WHAT IS EXPECTED — In the entries below, find the line containing "Quilted blue bakery book sleeve" and the line containing "a garden with". Copy those two lines and everything between them exactly, without the pictures.

DATA FOR THIS TASK —
Start of Block

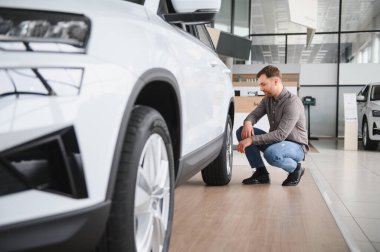 Gösterişli beyaz bir arabanın yanında diz çökmüş, parlak, çağdaş bir sergi salonunda özelliklerini dikkatle inceliyor.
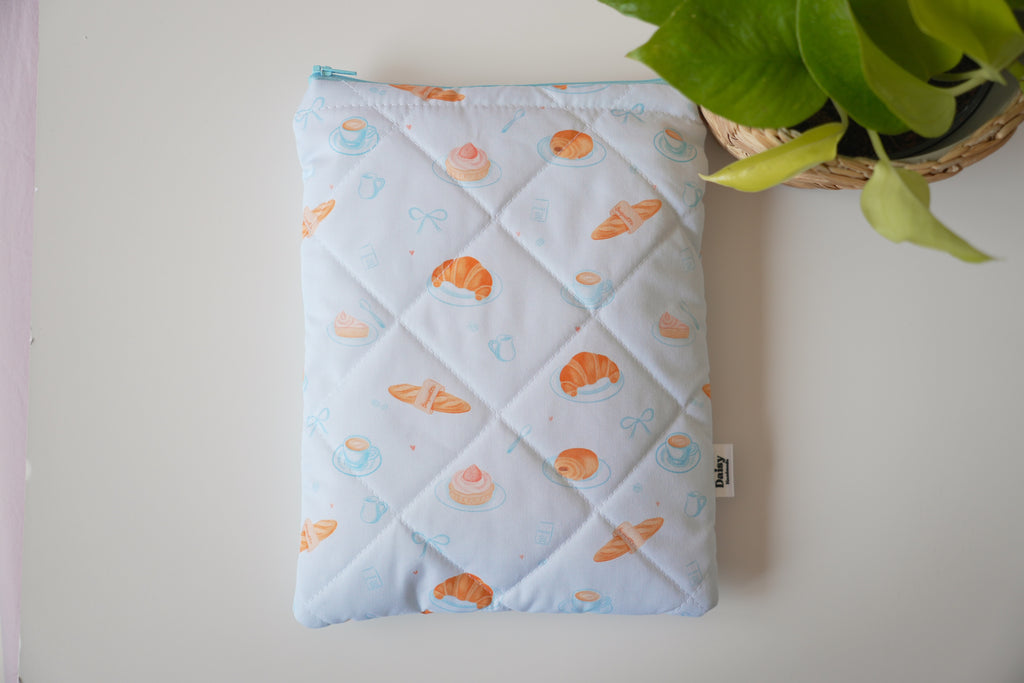 Quilted blue bakery book sleeve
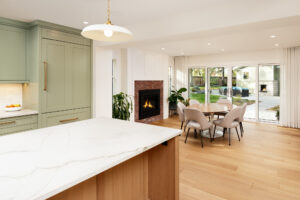 quartz countertop and cabinet pairing custom kitchen idea wood and green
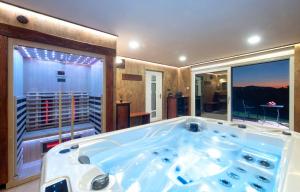 uma grande banheira num quarto com uma grande janela em Bregec Tiny House and Wellness em Varaždinske Toplice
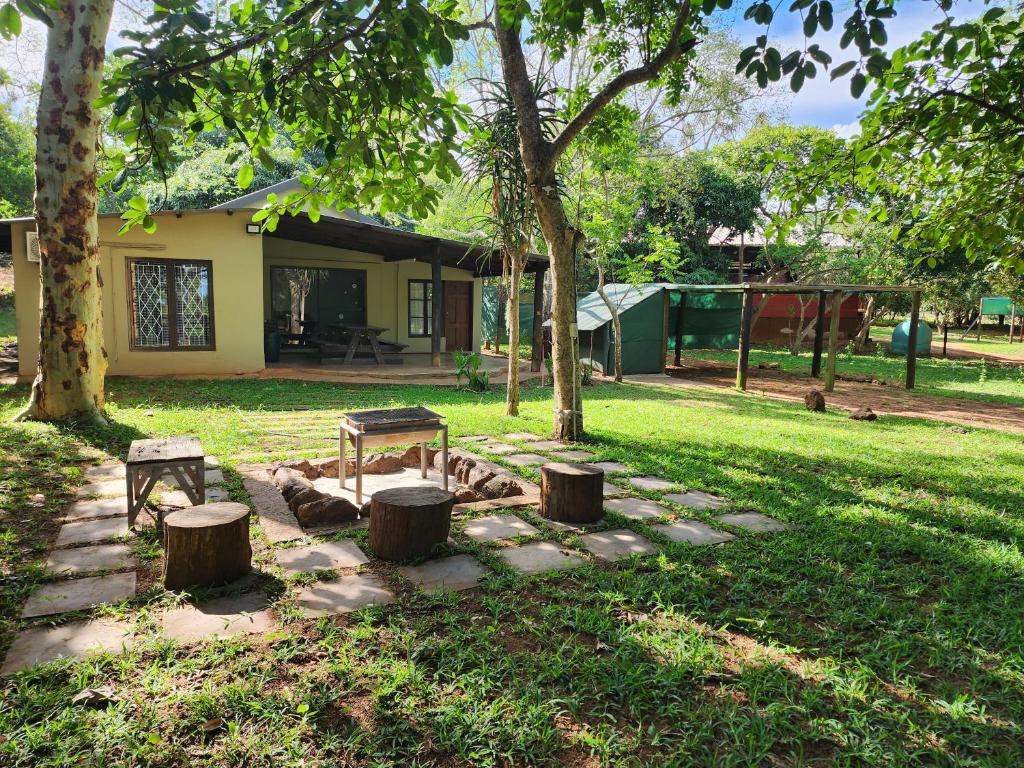 a garden with a picnic table and three logs at Mkumbi Farm Cottage in Hluhluwe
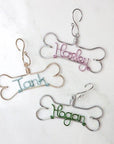 Personalized Dog ornament image that shows 3 of them 2 with a dog bone shaped outline, silver aluminum wire with the names Harlet in light pink and Hogan in green. Then one in dog bone shaped in gold aluminum wire with the name tank in ice blue. All of them in a white background.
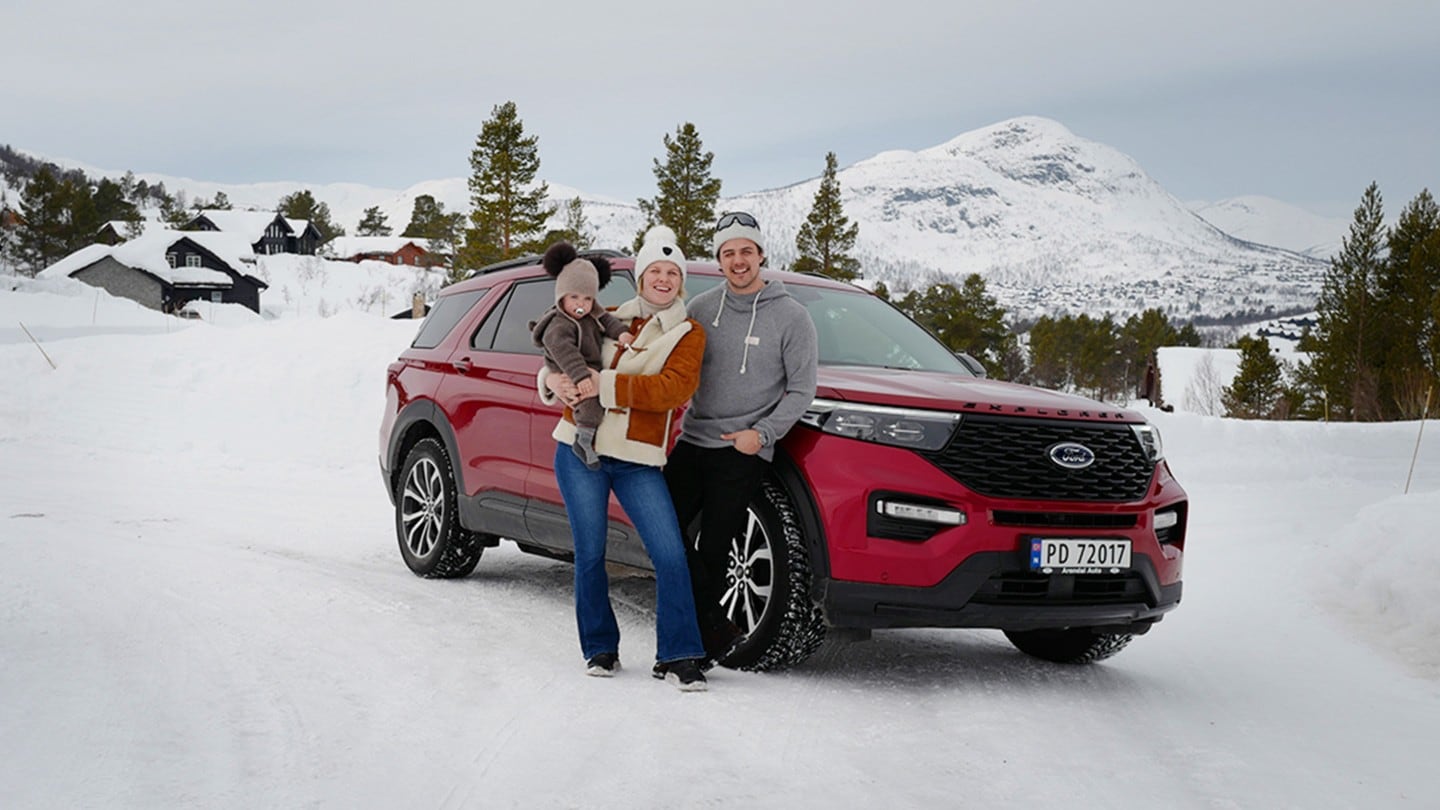 Family standing next to Explorer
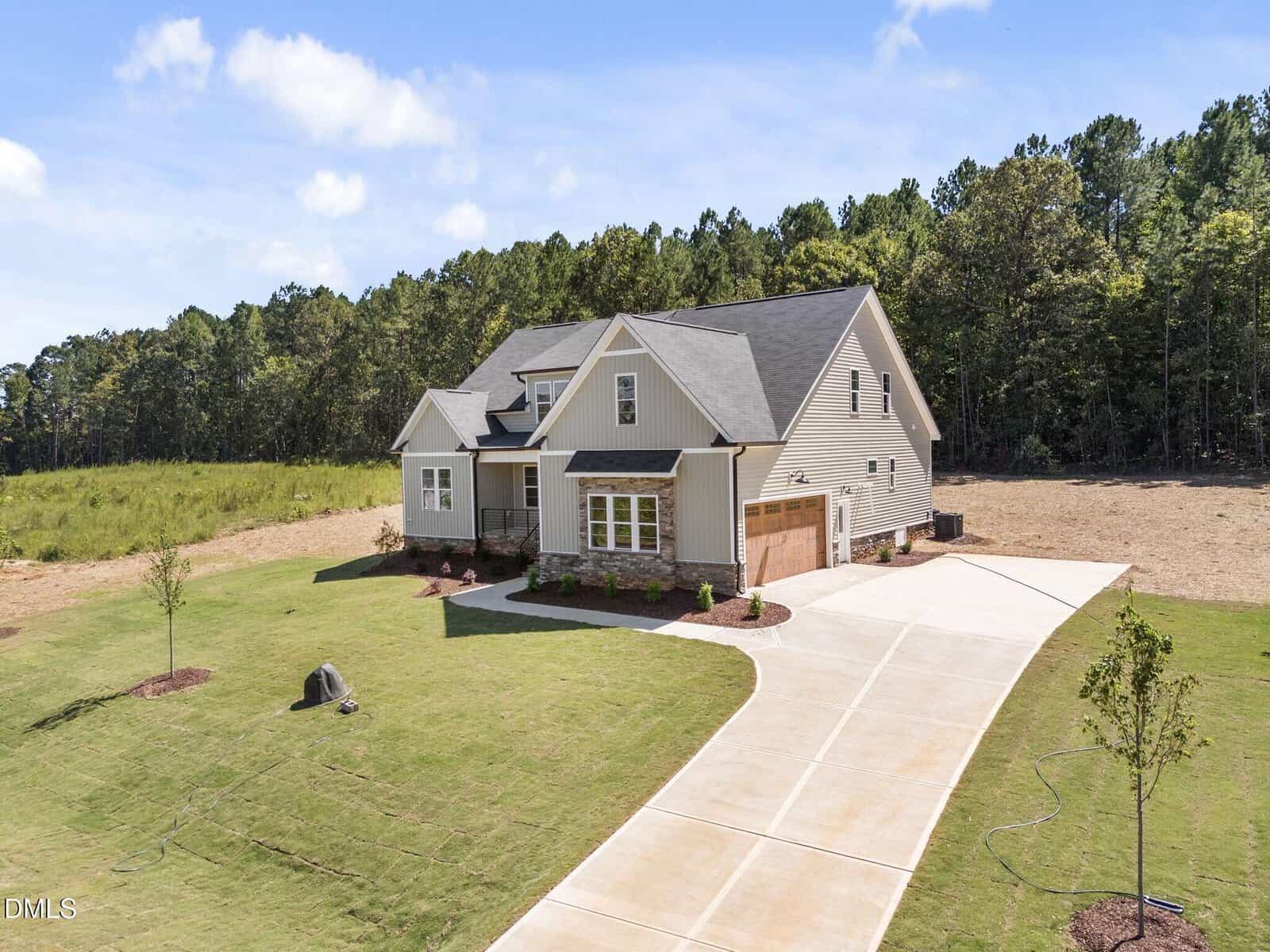 A modern suburban house with beige siding, a gabled roof, and a two-car garage sits on a spacious lot with a large driveway, young trees, and a grassy lawn, bordered by woods under a blue sky.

End of Block

EXPECTED ANSWER —
 Quilted blue bakery book sleeve
 quartz countertop and cabinet pairing custom kitchen idea wood and green
 uma grande banheira num quarto com uma grande janela em Bregec Tiny House and Wellness em Varaždinske Toplice
 a garden with a picnic table and three logs at Mkumbi Farm Cottage in Hluhluwe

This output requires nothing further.